Revised proposal: Tuples #46

WardBrian · 2022-04-22T18:07:51Z

This design doc takes the information from Bob's original proposal here: #24

It reformats it to the standard RFC format and adds additional information on the currently proposed implementation.
In particular, it details IO formats and some of the implementation challenges.

Rendered version:
https://github.com/WardBrian/design-docs/blob/tuples/designs/0018-tuples.md

Signed-off-by: Brian Ward <bward@flatironinstitute.org>

betanalpha · 2022-05-03T20:29:15Z

This all looks great. I am sure that these have already been discussed repeatedly and I don't want to bike shed, but a few I have a comments about potential user experience.

What is the motivation for having({ a, b, c }) and ([a, b, c]) be equivalent to (typeof(a), typeof(b), typeof(c))?
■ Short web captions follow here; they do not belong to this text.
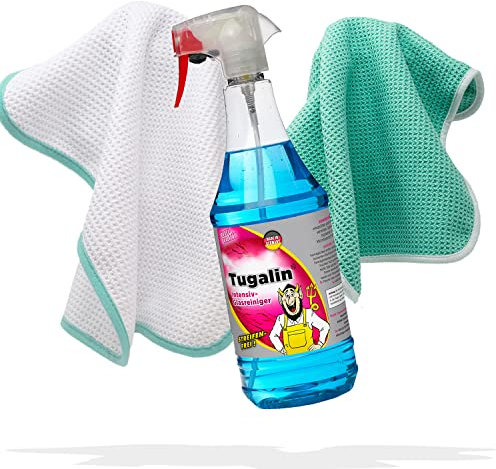 detailmate Auto Glasreinigungs Set - Tugalin Hochleistungs Glasreiniger 1L mit Zwei Mikrofaser Waffeltüchern 450GSM 35x35cm - Scheiben Reinigungsset mit Mikrofasertüchern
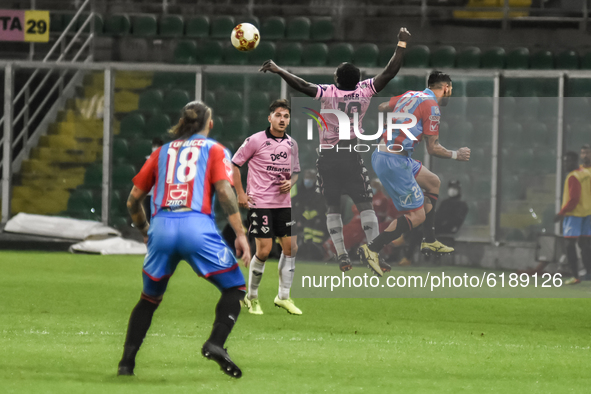 Odjer Moses during the Serie C match between Palermo FC and Catania, at the stadium Renzo Barbera of Palermo. Italy, Sicily, Palermo, 09 Nov...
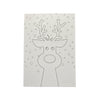 Outline of a reindeer on a white background with snowflake patterns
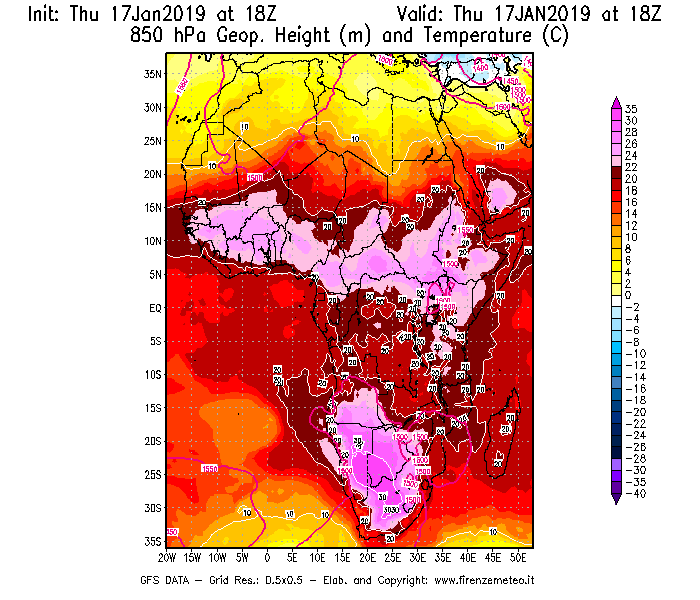 Mappa di analisi GFS - Geopotenziale [m] e Temperatura [°C] a 850 hPa in Africa
									del 17/01/2019 18 <!--googleoff: index-->UTC<!--googleon: index-->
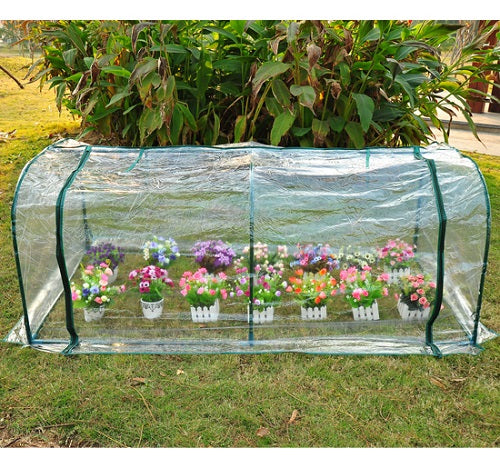 Dim Gray Waterproof Transparent PVC Tunnel Green House Clear Tarpaulin Fruit Cage Steel Frame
If typeof(a) = typeof(b) = typeof(c) won't there be a conflict between (typeof(a), typeof(b), typeof(c)) and the array singleton (array[3] typeof(a, b, c)) or if typeof(a) = typeof(b) = typeof(c) = real then a conflict between (typeof(a), typeof(b), typeof(c)) and the the vector singleton (vector[3])? This seems like an unnecessary source of confusion when the tuple declarations can just be restricted to (a, b, c).

Why the new accessor for individual elements? Because both arrays and linear algebra use [] to access individual elements the language already has a convention for using [] to access elements of a container. Given that tuples are just heterogeneous containers it seems like it would be natural to continue this convention and not confuse users with another notation.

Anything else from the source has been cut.